I think it’s safe to say the guy has a game of a No. 1 player, but much like Richard Gasquet, his fate is going to be determined by what goes on between his ears. And right now he’s not right up there.
Sure there’s a physical component, but it’s seems to be more mental with Novak because he feels it more in the tougher times. And his ego maybe does get the best of him.
Part of being a great tennis player is being a great fighter. And Novak really hasn’t shown much of that fighting spirit up to this point in his career. Even today, if this guy needed to draw some inspiration to continue and possibly come back – it wasn’t like he was playing bad either! – all he needed to do was to look across at the net at Federer who could have easily mailed it in when in the second round Ruben Ramirez-Hidalgo had him by the throat up 5-1 in the third set. To his credit Federer didn’t quit and now look how nicely it’s paid off. Federer didn’t get to No. 1, didn’t win 12 Slams, by being a great frontrunner. There’s more to it.
Novak is going to need to learn that. And last I checked – and I’m no tennis historian – but I don’t recall too man guys with a history of retirements ever reaching the No. 1 ranking. Marcelo Rios had a lot of injuries, so did Gustavo Kuerten. Andy Roddick had issues early in his career, but he’s overcome them. And has Roger Federer ever retired from a match? I can’t remember.
So Novak, you can’t retire your way to No. 1. It’s not going to happen that way. Few doubt your game, but what’s going on between your ears is another matter. You have a lot of money now, hire a psychologist or two and a good trainer and get it worked out in your head. And stop sapping your strength by bouncing the ball a thousand times (I get dizzy also just watching that!), re-adjusting your hat and doing imitations. Save your energy for actual play.
(Imitating Novak would be easy. Just bend over in exhaustion, take a few deep breaths, fall to your knees a few times, look distressed and then signal to the chair umpire. That’s Novak. You don’t even need to do the ball bounce routine.)

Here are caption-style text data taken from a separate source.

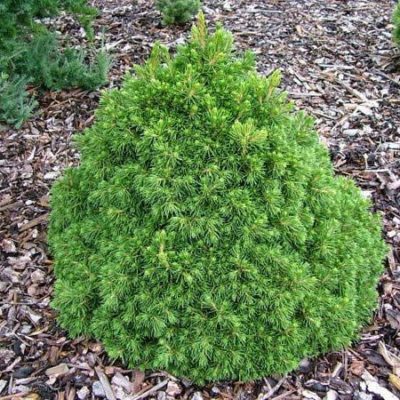 Ель обыкновенная Томпа С4 15-25 ('Picea abies 'Tompa'')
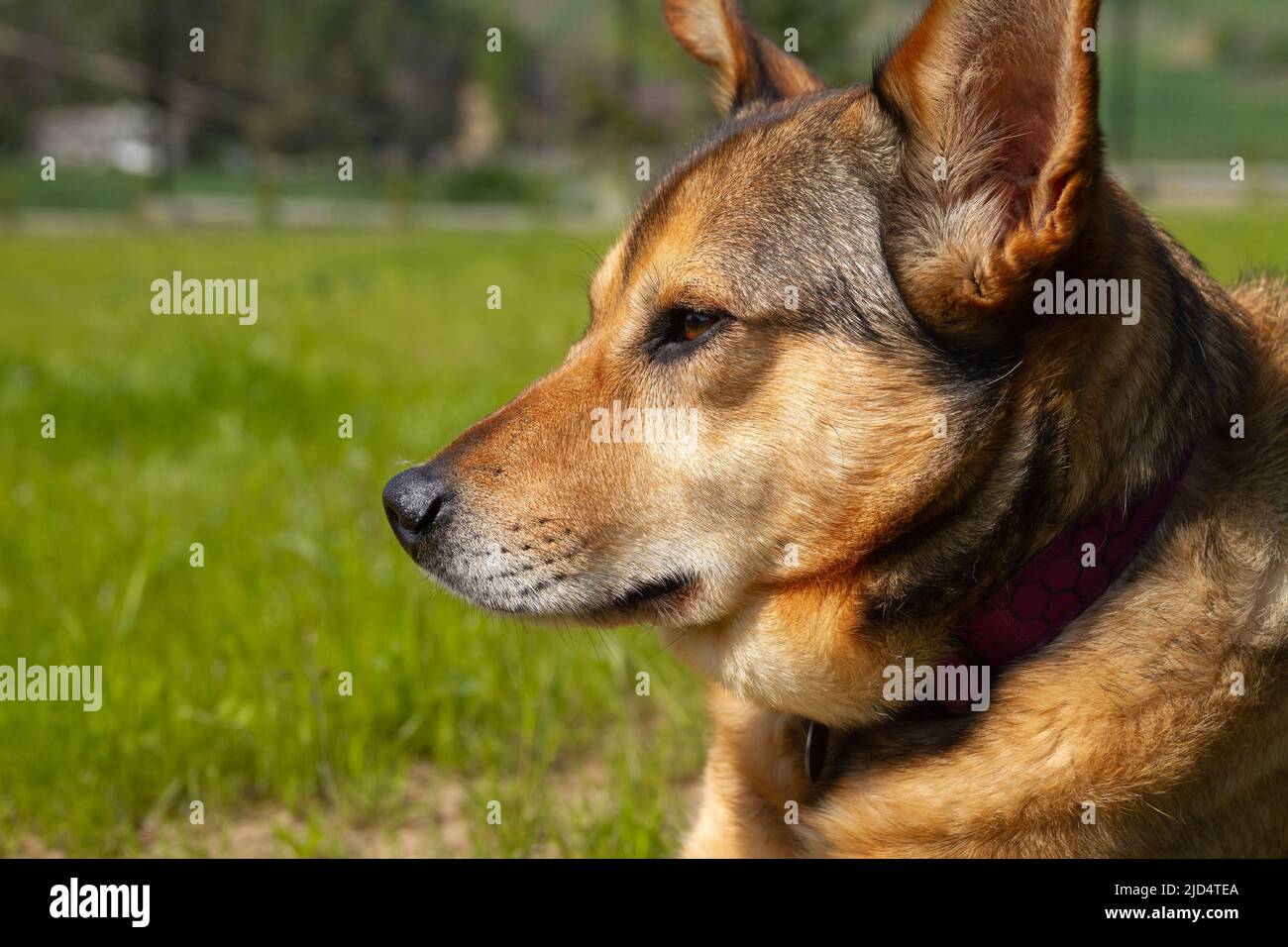 Netter Mischlingshund in einem Hausgarten oder Hinterhof. Stockfoto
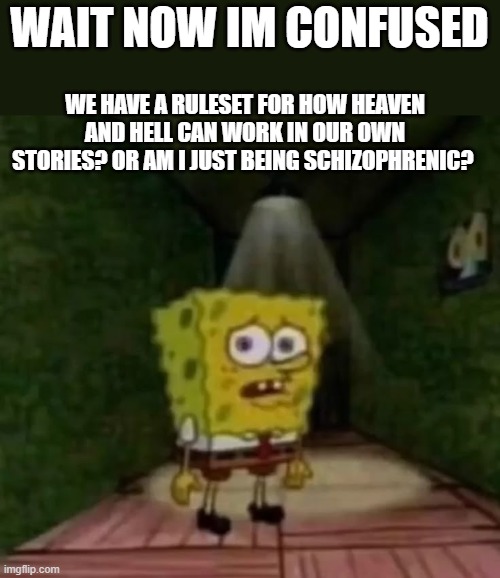 whar? | WAIT NOW IM CONFUSED; WE HAVE A RULESET FOR HOW HEAVEN AND HELL CAN WORK IN OUR OWN STORIES? OR AM I JUST BEING SCHIZOPHRENIC? | made w/ Imgflip meme maker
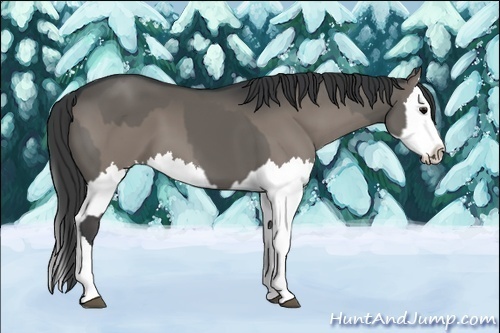 Horse Color:Grullo Sabino Splash and Grullo Sabino Splash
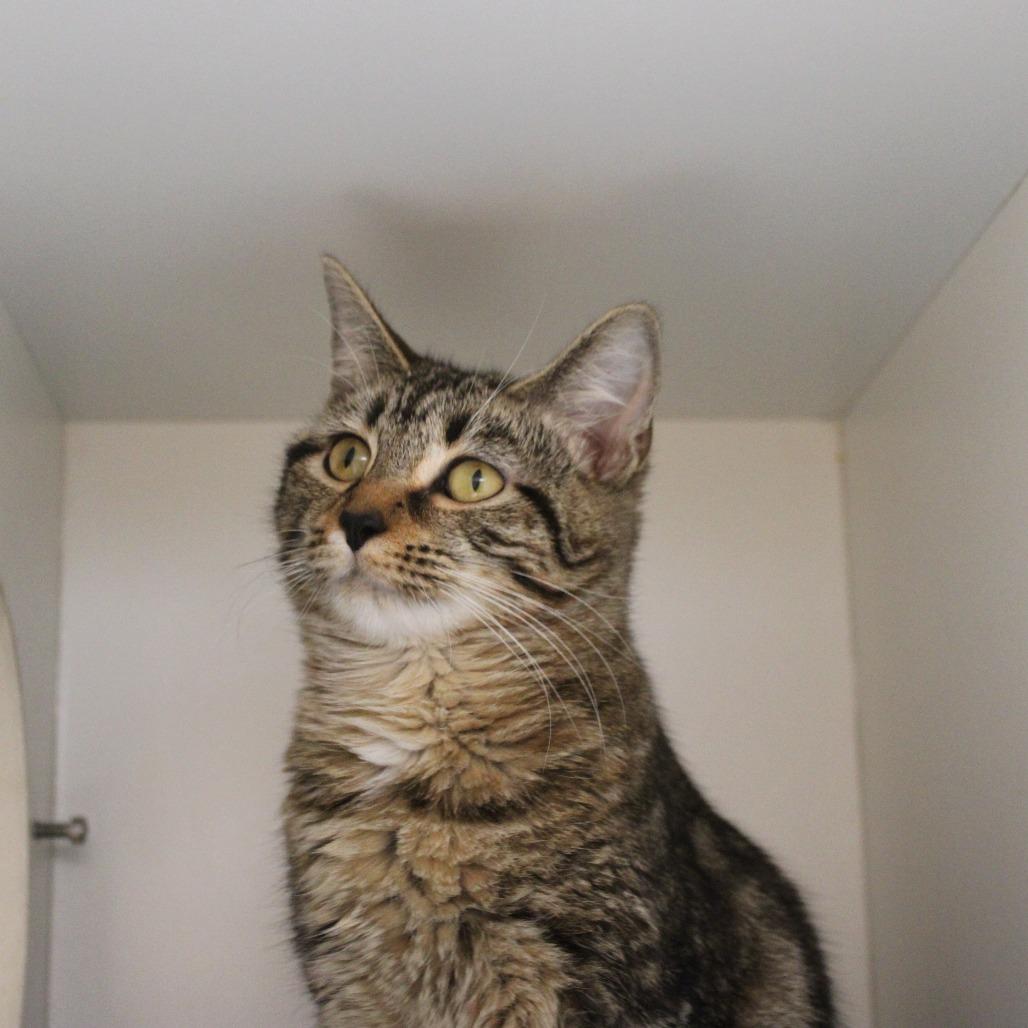 Enlarge Paizley, a Adoptable Domestic Short Hair in Champaign, IL image 2/4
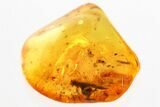 Detailed Fossil Wasp (Megaspilidae) In Baltic Amber #357713-1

As for the match, Federer continued his high level he had set from his Nalbandian win. He looked that good, that impressive. (Did Fed really yell at Novak’s parents telling them to “Shut up” as the announced hinted? If so that was great!). But will it be enough tomorrow against Nadal? Will he continue on this revenge tour? Probably not. I have to stick with Nadal in that one.
I think it will help Federer in getting such a quick match today after a few three setters this week, but this is Nadal’s surface, Nadal’s time of year. He’s built for clay supremacy. And of course Nadal’s got Fed’s number, especially on clay.
Federer, though, I think is playing at a level now where if Nadal is off his game the Swiss can take it. And he’ll be playing without a lot of pressure. But Roger’s going to have to play impeccably and aggressively. Attacking when it’s right and even using that new drop shot of his.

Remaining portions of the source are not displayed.